At trial, Frederick Seymour himself took the stand. He explained that he had installed the chain link fence between the Park and the properties at issue, from west of lot 3 to the top of the bluff in 1980, with the Park District's permission to do so on its property. The fence had been extended eastward by defendants. When defendants bought the property in 1982, there had been plantings on the north side of this fence, which had infringed on but did not block the easement. He stated that the privet hedges blocked the three-foot easement, but he agreed that they had been there as long as he could remember. The sheet piling across the foot of the bluff had been in place in 1963, but the concrete block wall at the foot of the bluff had been installed by defendants after this lawsuit began. Prior to that, the bluff at the easement had sloped down to the beach at the same slope as the rest of the bluff to the north.

Defendants had put in a flower bed following the driveway curve, he stated, as well as evergreens "that totally crossed the 20 footeasement"; he just walked around them. He had not objected because these represented "a remarkable improvement" and did not restrict his access to the lake, which had been across defendants' lawn, not in the three-foot easement itself, without objection by defendants.
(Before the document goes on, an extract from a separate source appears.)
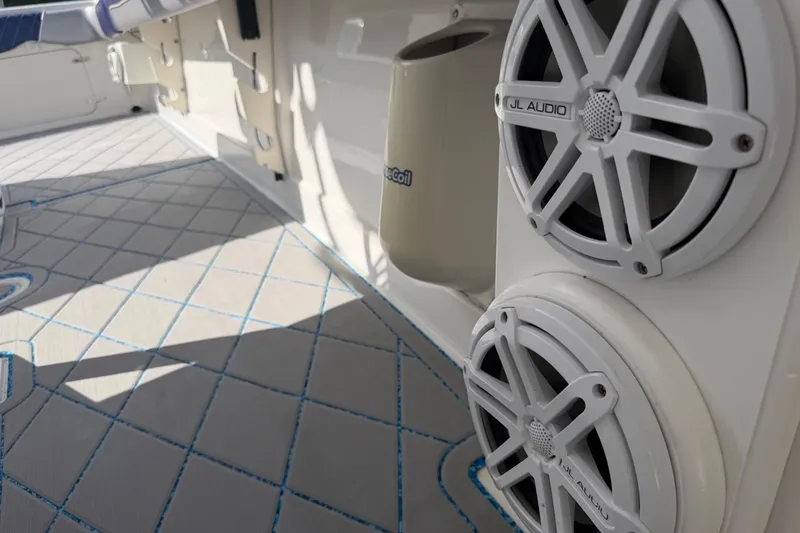 Slide: The Image of 2004 Jupiter 31 Cuddy boat interior with JL Audio speakers and patterned flooring. - 40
Similarly, he had felt no need to object when defendants relocated existing plantings from along the fence [i.e., from Park District property] four to six feet north [i.e., to within the three-foot easement]. It was not until April 1988, when Seymour first saw the wrought iron fence between the chain link fence and defendants' house, that he began to think his rights were endangered. When he spoke with Stotler about the new fence, the latter pointed to an unlocked gate extending south from the new fence and told him, "There is your easement." When Seymour had objected that this gate was on Park District property, Stotler had replied, "That was that" and Seymour "should do what [he] had to do." Seymour had never tried to use the pathway defendants created, but he knew he could not after observing it from the park side; he had not walked down the bluff in the park.

Raymond Hansen, who prepared the survey of the south lot line of the properties at issue, testified. He explained how he located the plants and the fences for the survey, and he testified that the existing path is "primarily" on the Park District's property.
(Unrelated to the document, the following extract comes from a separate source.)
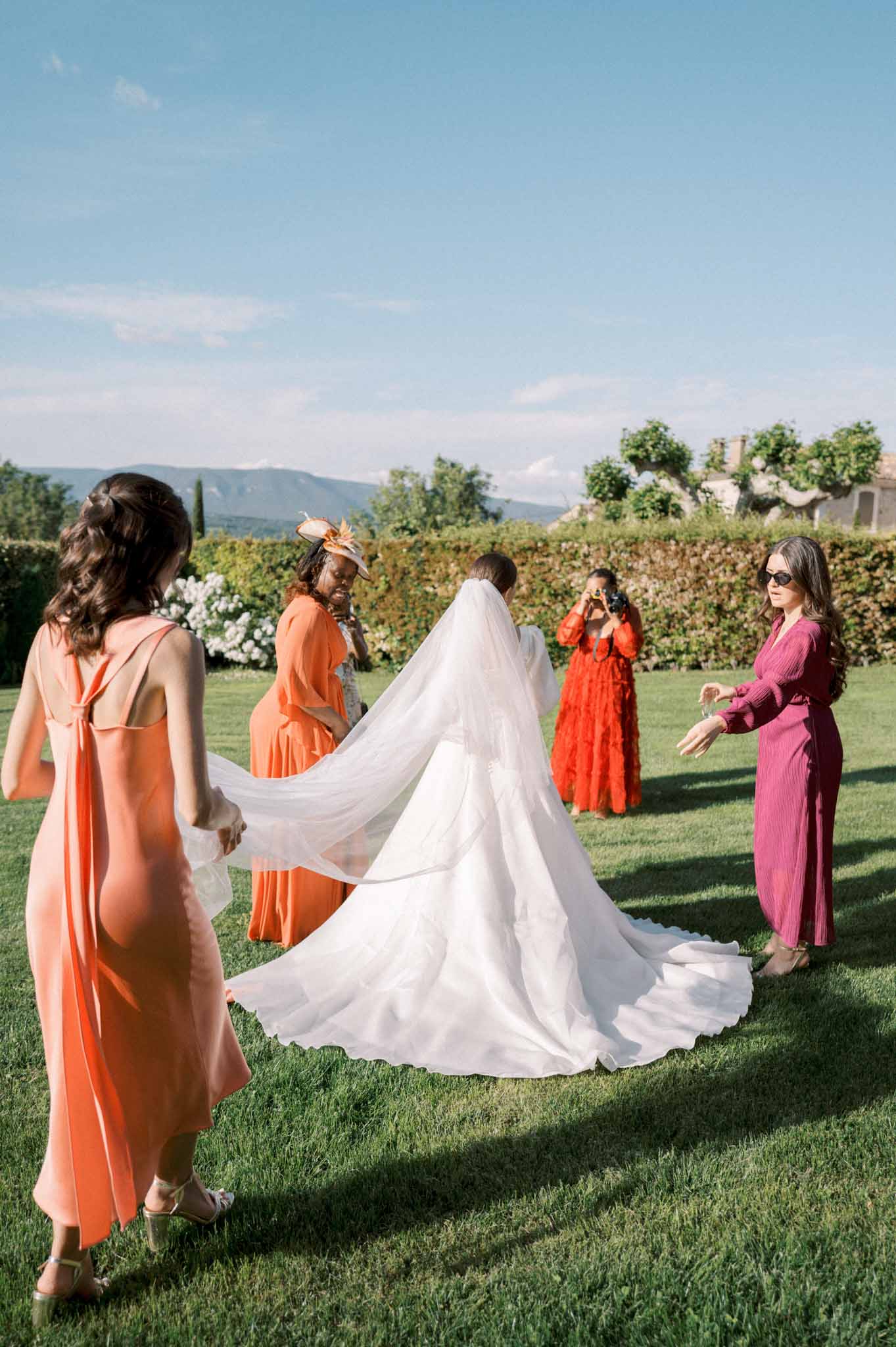 Four women in jewel-toned dresses arrange bride's cathedral veil and train on garden lawn before ceremony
As their first witness, defendants called Robert Stotler. He had been aware of the two easements, and he had learned that the chain link fence was on Park District property in 1983. He stated that the barberry bushes from the top to the bottom of the bluff were in place when he purchased the property and that they were effective in slowing down erosion. He had never invited plaintiffs or their guests onto his beach and had never told them they could use the yard, beach, or slope at will, but he conceded that he had permitted them to do so and had not told them to stop. In early 1984, however, Stotler and his wife had told plaintiffs they were unhappy with plaintiffs' use of the yard and that they might move bushes to create a path to ensure their privacy. When plaintiffs continued to walk through the yard, defendants paid $1000 to move various plantings four to six feet north to create an unobstructed path for plaintiffs. The estimated cost for moving them again was $7000, and there was no guarantee of survival. Nevertheless, plaintiffs and their friends continued to walk across defendants' yard at all hours until 1988, when he had installed a wrought iron fence north and south from his house to the respective property lines. He gave four reasons for having done so: an intruder had frightened them; they had received a kidnapping threat against their daughter in 1986; they were worried about thepossibility of her wandering down the driveway toward Sheridan Road; and they wanted to encourage plaintiffs to use the path rather than their yard. The gate on the north side of the house is left unlocked for garbage men and the like; the south gate is locked.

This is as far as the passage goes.